Carl Crawford. Jacoby Ellsbury. Andrew Bailey. John Lackey.
Those four haven't played a single game. And that's just a start. Jon Lester hasn't been his usual dominant self.
Neither has Josh Beckett.
Clay Buchholz has had some real tough stretches, and Daniel Bard pitched his way right back to the Minors.
If you can draw a line between their troubles and Bobby V., have at it. You're kidding yourself, but go right ahead.
It says right here that if the Red Sox start to win consistently -- that is, if Crawford and Ellsbury return and if Lester, Beckett and Buchholz pitch the way they're capable of pitching -- all that other stuff will disappear.
Winning cures virtually everything, and what it doesn't cure, it does a wonderful job of covering up.
If the Red Sox continue to underachieve, the problems are going to get worse. If David Ortiz thinks the negativity around the franchise is bad now, there could be worse tension around the corner.
There were bound to be tensions if the Red Sox didn't sprint out of the gate. For one thing, management got rid of a very popular manager -- Terry Francona -- and replaced him with a guy who is not going to be loved by everyone.
Valentine is very, very smart and very, very competent. He's usually the smartest guy in the room and probably would like you to know that.
What's a manager's job, anyway? Forget all that stuff about managing a pitching staff and sending the right guy up to pinch-hit and coming up with a great lineup.
Any competent organization can produce volumes of data to help with that stuff. If a manager is open to help, he can get plenty of it.
More than ever, a manager's job is to deal with people, to somehow blend a roomful of different personalities and large egos -- to communicate and to listen, and to convince them he always has their backs.
These are the skills Charlie Manuel and Ron Washington and Joe Maddon and others bring to the table. Players want competence and honesty, but beyond those things, they want to know their manager is behind them.
Front-office types marvel at Jim Leyland's ability to unite a clubhouse in the oddest of ways. Sometimes he'll stand among his players and talk to the 24th or 25th guy on the roster, either kidding with them or talking about something they've done.
He also checks in with his players almost daily, sometimes making small talk, listening, letting them know his door is open.
Leyland doesn't suffer fools. He certainly doesn't suffer laziness or poor work habits. But Leyland's players know he cares about them.
Valentine cares about his players, too, but he might not go out of his way to show it. After eight years with Francona, who was warm and funny and caring, playing under Valentine is an adjustment.
Clearly, there are Red Sox players who haven't taken to Valentine. Plenty of scouts noticed that Dustin Pedroia didn't join a huddle at the mound during a game at Wrigley Field last week.
Likewise, Kevin Youkilis had to be furious when Valentine seemed to publicly question his desire early in the season.

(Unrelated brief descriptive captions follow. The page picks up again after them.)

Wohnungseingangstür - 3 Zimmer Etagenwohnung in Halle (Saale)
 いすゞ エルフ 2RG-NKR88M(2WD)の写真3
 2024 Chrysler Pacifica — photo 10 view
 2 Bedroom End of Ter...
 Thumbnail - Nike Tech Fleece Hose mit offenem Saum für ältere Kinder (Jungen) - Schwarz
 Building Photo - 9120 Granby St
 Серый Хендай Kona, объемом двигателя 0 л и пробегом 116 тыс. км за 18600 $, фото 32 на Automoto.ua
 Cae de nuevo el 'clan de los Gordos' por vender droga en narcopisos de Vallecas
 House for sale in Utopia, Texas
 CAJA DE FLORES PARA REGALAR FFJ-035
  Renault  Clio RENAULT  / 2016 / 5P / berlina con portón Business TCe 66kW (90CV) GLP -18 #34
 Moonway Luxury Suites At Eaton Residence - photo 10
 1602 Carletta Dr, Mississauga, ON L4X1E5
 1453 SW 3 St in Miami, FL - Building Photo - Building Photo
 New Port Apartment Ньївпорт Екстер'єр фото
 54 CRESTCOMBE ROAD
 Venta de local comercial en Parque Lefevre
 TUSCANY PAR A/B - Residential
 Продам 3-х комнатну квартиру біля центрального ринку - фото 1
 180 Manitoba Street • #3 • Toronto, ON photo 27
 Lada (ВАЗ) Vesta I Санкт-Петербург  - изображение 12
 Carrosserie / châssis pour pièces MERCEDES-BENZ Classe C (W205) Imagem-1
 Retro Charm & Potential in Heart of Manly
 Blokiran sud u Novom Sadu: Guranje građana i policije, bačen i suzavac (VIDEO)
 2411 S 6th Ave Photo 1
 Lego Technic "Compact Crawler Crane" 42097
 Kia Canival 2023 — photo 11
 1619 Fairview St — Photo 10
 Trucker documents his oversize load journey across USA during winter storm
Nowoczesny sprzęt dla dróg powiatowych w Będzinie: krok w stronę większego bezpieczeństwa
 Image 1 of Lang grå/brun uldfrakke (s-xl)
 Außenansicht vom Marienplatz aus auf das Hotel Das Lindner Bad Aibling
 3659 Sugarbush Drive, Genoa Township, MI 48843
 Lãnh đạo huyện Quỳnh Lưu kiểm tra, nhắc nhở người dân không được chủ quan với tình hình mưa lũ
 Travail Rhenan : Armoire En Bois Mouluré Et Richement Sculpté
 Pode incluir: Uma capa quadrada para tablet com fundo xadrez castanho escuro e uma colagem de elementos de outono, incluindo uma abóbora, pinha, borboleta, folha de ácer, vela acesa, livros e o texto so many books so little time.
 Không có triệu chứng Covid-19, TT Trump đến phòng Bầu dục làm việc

Very few managers would ever criticize a player in public because there's nothing to be gained from it. As Chuck Tanner once yelled at a friend of mine, "I'm not ripping one of my players to you, so you can just stop asking!"
Hall of Famer Earl Weaver was at his best when the Orioles were losing. That's when he'd be funny, profane and entertaining. But when his team was playing well, he'd tell reporters, "Go talk to the players."
When the Orioles lost, it was about him. When they won, it was about them. This philosophy works in every business.
Tension could come from other places around the Red Sox. General manager Ben Cherington preferred Dale Sveum to Valentine. His bosses preferred Valentine.
Likewise, Valentine didn't hire all his own coaches.
And the players are struck with a new manager when they were just fine with the previous guy.
Youkilis, one of the team's most prominent players and one of seven remaining from the 2007 World Series champions, is on the trading block. Until he goes, Valentine will have trouble finding playing time for his young star, Will Middlebrooks.
With all this swirling and with the club near the bottom of the standings all season, tension is a natural result.
It still comes down to everyone doing their jobs. The Red Sox have enough talent to win, but only if those pitchers do what they were projected to do and Crawford, etc., return.
Unlike plenty of other clubs, the Red Sox have hope. But if things don't change, it'll be a real interesting summer, and that television gig might start looking better than ever to Valentine.